Added to all of this seriousness, we have two big national play grounds. The Yellowstone National Park, where we step across the border into Nature’s Vaudeville. And Glacier National Park, a resting place filled with radiant beauty.

In spite of all this, Montana is most interesting because of the people. They come from everywhere, from every state in the Union, from every country in the world. I was in Butte the first few months of the European war. In front of the newspaper bulletin were men from every belligerent nation eager for news and men have left that city for every trench along the firing line. In talking to informal gatherings of women, I have found in commenting on conditions in other states invariably there has been a woman present ready to defend her native state. Very many estimable virtues under such circumstances, so there is little danger of one thinking one part of the world contains all the good and another all the bad.

The West has constantly drawn the forces of discontent. Some misfits came who were discouraged. Some women are there because their families came and they could not be left behind, but most of them ventured out because they had an abundance of life and adventurous spirit and could see the opportunities in a new, undeveloped country. Because they had ideas that could not be worked out in an old and more fixed society and longed for more personal freedom that they might express themselves. They came with their ideas and with a splendid courage to face the hardships and the privations that are incident to pioneer life. It has been this pioneer life that has brought the men and women so close together in working out a better world.

The men still have a very clear picture of the part which women have taken.
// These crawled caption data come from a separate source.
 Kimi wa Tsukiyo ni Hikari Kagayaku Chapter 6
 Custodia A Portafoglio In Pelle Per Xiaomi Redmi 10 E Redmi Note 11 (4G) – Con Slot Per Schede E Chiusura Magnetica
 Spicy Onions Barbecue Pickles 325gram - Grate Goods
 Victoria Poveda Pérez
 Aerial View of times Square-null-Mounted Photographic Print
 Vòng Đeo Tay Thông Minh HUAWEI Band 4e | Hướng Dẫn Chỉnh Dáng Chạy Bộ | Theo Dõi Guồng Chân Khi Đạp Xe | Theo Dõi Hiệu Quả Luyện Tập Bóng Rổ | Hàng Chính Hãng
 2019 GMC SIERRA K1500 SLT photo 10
Some can remember the women crossing the plains, others see them in the mining camps or on the lonely ranches, in the home, and in the business world. They have found the women willing to share the burdens and the men are willing to share the privileges.

One of our splendid women doctors told this story at a suffrage meeting. She said that that day a young man came into her office and said, “I suppose you don’t remember me.” She looked at him and said, “I am afraid I do not.” Then he recalled to her memory a woman who years ago left her cabin early one morning to go to the nearest man and to a doctor. She went up the canyon and through the gulch, over the mountain, down the other side. She forded the river and crossed the plain, on to the town mining camps arriving late. She had traveled 60 miles on horseback alone. That night her son was born. The woman doctor remembered the incident. The young man said, “Well, I am her son, I heard you were working for the vote and so I thought I would come up and tell you I am for you.” Men who have been reared by such mothers couldn’t help but believe in women. And there is no hardship women will not go through to rear such men.
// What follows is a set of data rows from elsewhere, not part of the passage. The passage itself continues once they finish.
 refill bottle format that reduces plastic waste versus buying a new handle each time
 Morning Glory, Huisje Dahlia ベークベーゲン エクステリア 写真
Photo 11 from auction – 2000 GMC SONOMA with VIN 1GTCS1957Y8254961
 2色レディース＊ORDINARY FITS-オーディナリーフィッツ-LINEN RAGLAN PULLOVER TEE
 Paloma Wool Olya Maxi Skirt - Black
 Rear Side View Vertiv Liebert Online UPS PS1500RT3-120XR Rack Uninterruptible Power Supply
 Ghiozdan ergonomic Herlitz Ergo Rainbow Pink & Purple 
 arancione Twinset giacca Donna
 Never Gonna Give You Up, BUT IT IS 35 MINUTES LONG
Now 60 miles may not seem very far to us today but it was a long way then. After one of my meetings in the last campaign, a woman came up to me to say that she had ridden 45 miles to the meeting and going back that night. A woman who heard her said, “Well I came 16 miles in a lumber wagon, and 16 miles in a lumber wagon is a lot farther than 45 miles in an automobile and I am going back tonight.”

I could relate many stories of the pioneer women on our dry land farms. Of the educated, refined, young women who came out to develop their land and who incidentally developed character.

We are all so near the beginning of things. We have seen so many changes in rapid succession that suggesting something new fills us with hope and despair. We are eager for variety, changes in living conditions, innovations in methods of production, variation in work, improvements in government. We don’t mind being the first. When I went to Delaware and suggested that it would be an honor to be the first state in that part of the country to give woman suffrage one legislator informed me that they were the first state to sign the Constitution and they refused to be first in anything else. One finds very little of that spirit in the West.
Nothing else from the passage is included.